Hello Robot Dude
Can you tell me why a serious post of mine was completely deleted? Do you automatically delete post without ever reading them. I can assure you that if anyone at this site read my post they could have confirmed that there was no spam, just serious questions about tracks for my robot.
If you need any further proof that I have such a robot I will be glad to post some pictures of it.
Awaiting you intelligent reply.
Bill Rogers
Hello Bill,
We have deleted no posts of yours, and we certainly do not delete posts without reading them. Are you sure you hit “submit” and not “preview”?
Beth or Snailkeeper
Yes did hit the post and not the review button and received a message saying that at least one good post was necessary before any would be accepted and a waiting period of 24 hours would also be necessary.
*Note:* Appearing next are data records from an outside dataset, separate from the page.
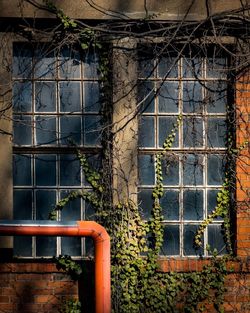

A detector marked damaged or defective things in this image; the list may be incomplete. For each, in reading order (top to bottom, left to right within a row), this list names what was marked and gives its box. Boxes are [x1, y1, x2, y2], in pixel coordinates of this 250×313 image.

rusty metal pipe [0, 219, 110, 312]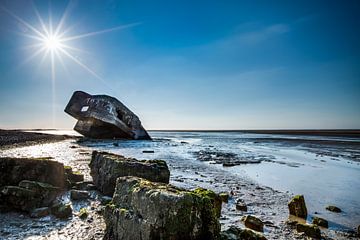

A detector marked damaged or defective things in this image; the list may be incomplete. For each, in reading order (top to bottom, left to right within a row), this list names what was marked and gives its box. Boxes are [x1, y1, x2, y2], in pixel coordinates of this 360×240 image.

broken concrete slab [64, 91, 151, 140]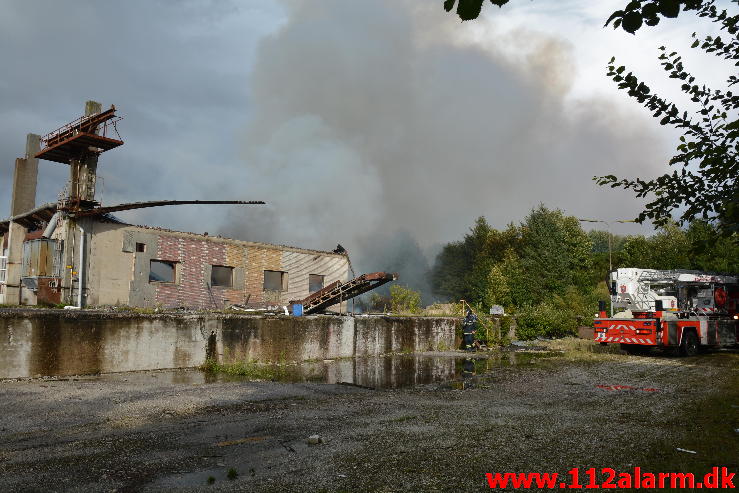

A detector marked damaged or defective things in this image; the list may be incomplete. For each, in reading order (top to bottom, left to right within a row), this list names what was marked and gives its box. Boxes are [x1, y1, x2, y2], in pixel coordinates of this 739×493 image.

damaged structure [0, 102, 364, 310]
broken window [149, 260, 176, 282]
broken window [211, 266, 234, 288]
broken window [264, 270, 288, 292]
broken window [310, 272, 326, 292]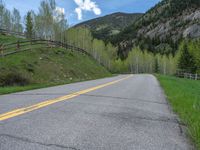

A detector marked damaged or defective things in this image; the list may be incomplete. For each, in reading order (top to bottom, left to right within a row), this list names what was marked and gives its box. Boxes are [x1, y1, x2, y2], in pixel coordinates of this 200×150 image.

crack in asphalt [0, 134, 79, 150]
To recap my original post. I have built a Johnny 5 type robot. Right now it stands about 42 inches tall but will grow to over 5 feet tall when I am through reuilding it. It now uses wheels and I have been looking for tracks now for a couple of years until I found your site. My question is will your tacks support a bot that weighs 40 to 80 pounds? I am not sure if my little bot weighs that much but I am still adding to it. I also like the turn table on your J5 and wonder if it too would support the weight. I started with Evolution Robotics kit and added to it. In the begining I would not have purchased that kit but I also found a chattebot program that speak and understands spoken English as does the robot. Now I can not only have a robot that can be programmed to perform some simple tasks but can carry on a normal conversation with me as it learns all my likes and dislikes.
Bill
With the kind of weight you’re talking about, there’s not many materials that can handle this kind of load. Billet aluminum or carbon steel perhaps, but not lexan or thin aluminum brackets. Also, with a bot 5 feet tall with the same Johnny 5 base, is going to be way to top heavy! Fore something that is going to be 5 feet tall, you will need a much larger base. Servos will be another issue, anything more than 6 to 8 pounds, you will not be able to move it. Perhaps Jim can give you the true weight limits the available servos can handle.
Is your bot custom built or are you using one of LM’s rover platforms? What is the current dimmensions of your rovers base?
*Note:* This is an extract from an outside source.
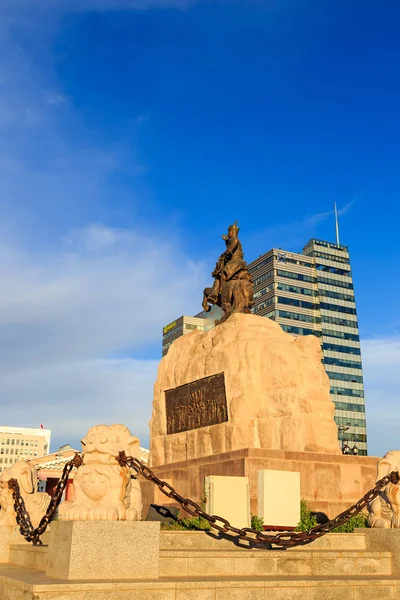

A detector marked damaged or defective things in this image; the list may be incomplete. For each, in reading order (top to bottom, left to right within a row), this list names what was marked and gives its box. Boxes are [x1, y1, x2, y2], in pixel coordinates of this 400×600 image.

rusty chain link [8, 452, 82, 548]
rusty chain link [6, 450, 400, 548]
rusty chain link [118, 454, 400, 548]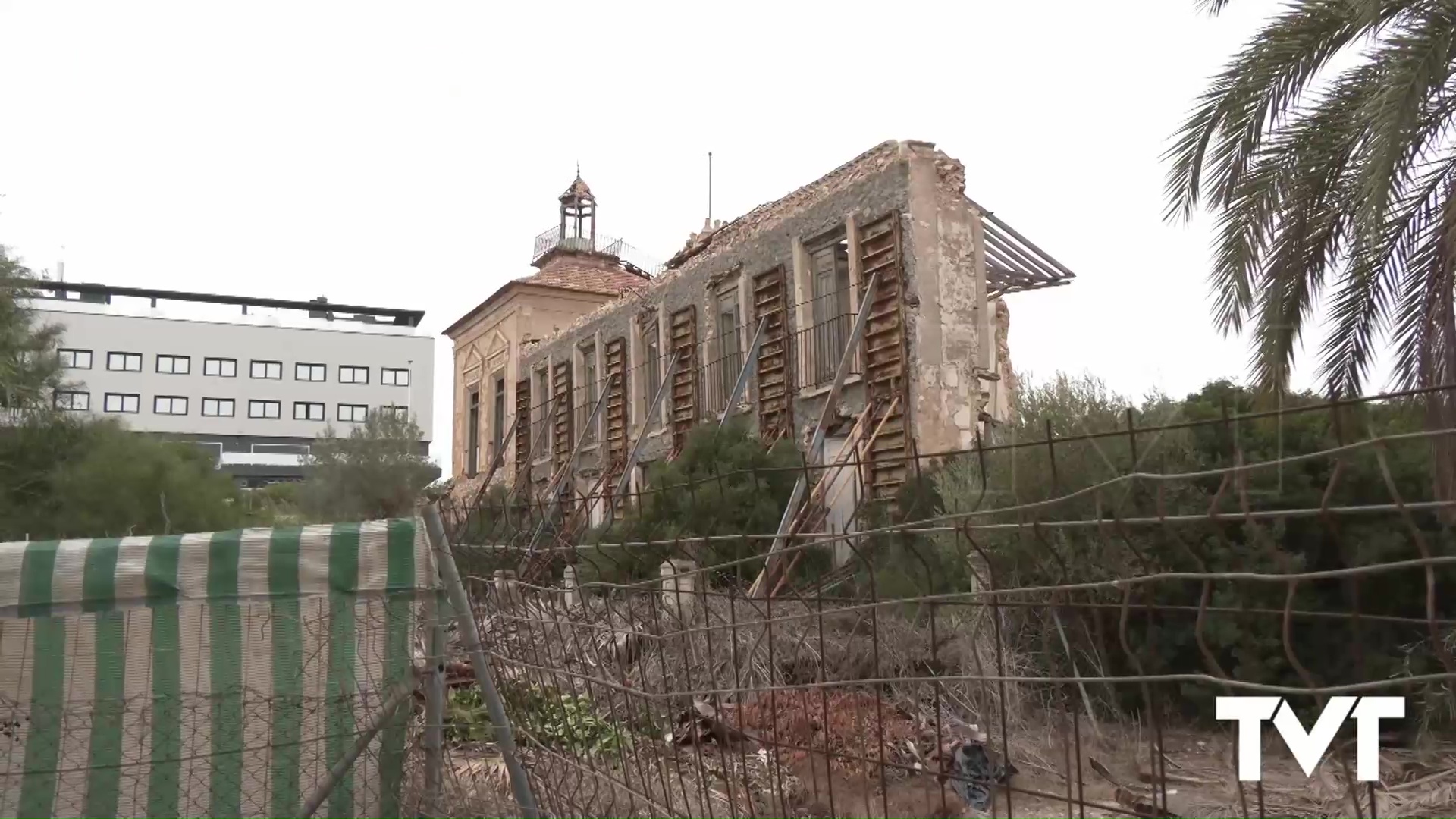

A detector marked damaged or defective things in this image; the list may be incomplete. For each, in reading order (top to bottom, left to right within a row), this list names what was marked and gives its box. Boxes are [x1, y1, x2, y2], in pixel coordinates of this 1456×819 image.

The tracks can surely support the weight. The 3.0" wide version are used on police robots that weight over 100 punds. I can’t guarantee the sprockets can handle the torque involved, but the tracks certainly can and do support the weight. Good luck with your bot, and sorry the forum spam filter prevented your message from showing up. Depending on which browser used you may be able to click back and remove links or images, and not lose your post. We had to add the filter because we were bombarded with junk.
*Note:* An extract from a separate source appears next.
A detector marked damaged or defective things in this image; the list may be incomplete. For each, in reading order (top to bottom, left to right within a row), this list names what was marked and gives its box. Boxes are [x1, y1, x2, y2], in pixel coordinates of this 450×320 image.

It sounds like you tryed to post a URL or Picture. In that case you need a good text post.
To clarify my last post, I was talking regarding the chassis. I had no idea the tracks can support 100 lbs! I was thinking more like 20 lbs.
has any body tried to chain drive multible sets of sprockets too spread the load out for high torque motors??
mmm, 4 tracks, 4 motors two on each side with chains… this would be awesome!!!
The tracks are definitely stronger than they look. Actually they are incredibly strong. I would trust them on any 100 pound rover. You have to see them to believe it. They are excellent quality.
Might be good to precisely define just what the term “support” entails. Tracks can be subjected to dynamic loads that could be quite high depending on the situation.
I think if the plastic sprockets were aluminum it would be able to hold an emense amount of weight, but it only goes as far as how the injection molded tracks can handle before being crushed under wieght.
I’m sure you could get custom CNC machined sprockets if you had an application that needed them. There are lots of companies that offer this service.
Aluminum sprockets are unnecessary and would probably create early wear in the plastic track. Acetal, Polyurethane, and glass-filled Nylon are plenty strong enough materials for sprockets and much cheaper to have formed, than to have aluminum machined. Especially since the tracks use a unique tooth layout meaning it would have to be extruded or molded aluminum.
The way the tracks are designed, the load it distributed among many sections that share the weight. Kind of like the bed of nails theory. Meaning I would have no doubt that you could easily pull a full sized car onto 4 pieces of track and have roughly 1000 pounds on each piece without any damage or buckling at all.
As far as linear loads go, I’m not sure. I would guess that they could easily take any torque end effects from a 100 pound rover with equivalent torque. Side load resistance is great. And would fall into the same range as linear pull load limits. The strength of the tracks far exceeds any loads or forces seen on a rover that would use a track this size.